=== Begin Enclosure ===

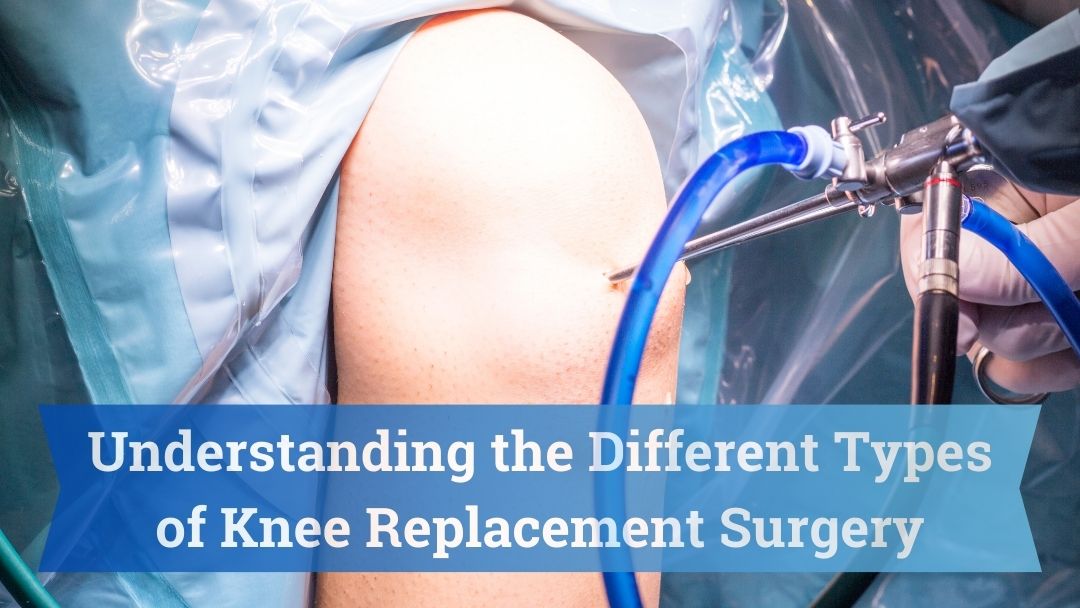 Understanding the Different Types of Knee Replacement Surgery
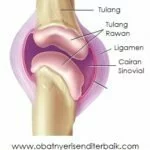 5 Cara Perawatan Untuk Tulang Rawan Sendi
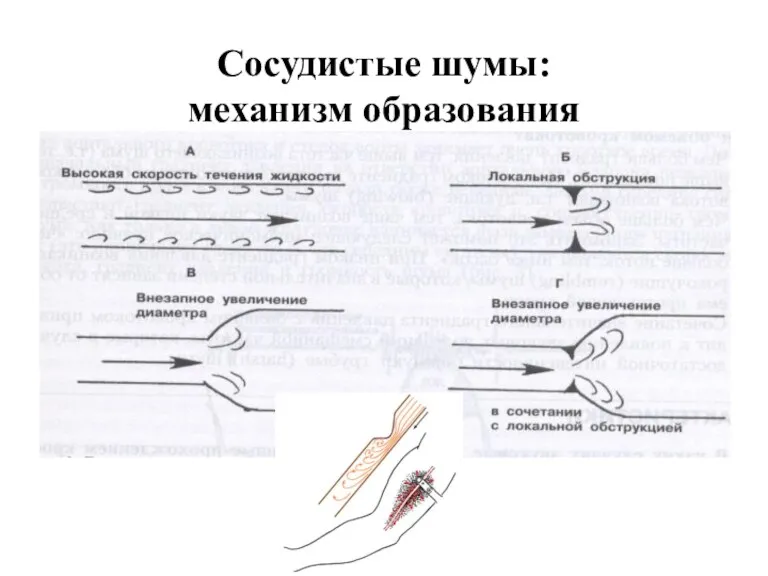 Сосудистые шумы: механизм образования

=== End Enclosure ===

Work to be completed: Please transcribe the lines from the one containing "5 Cara Perawatan Untuk Tulang Rawan Sendi" to the last line of the listing, both included, exactly and with nothing added, leaving every picture out.

Your response:
 5 Cara Perawatan Untuk Tulang Rawan Sendi
 Сосудистые шумы: механизм образования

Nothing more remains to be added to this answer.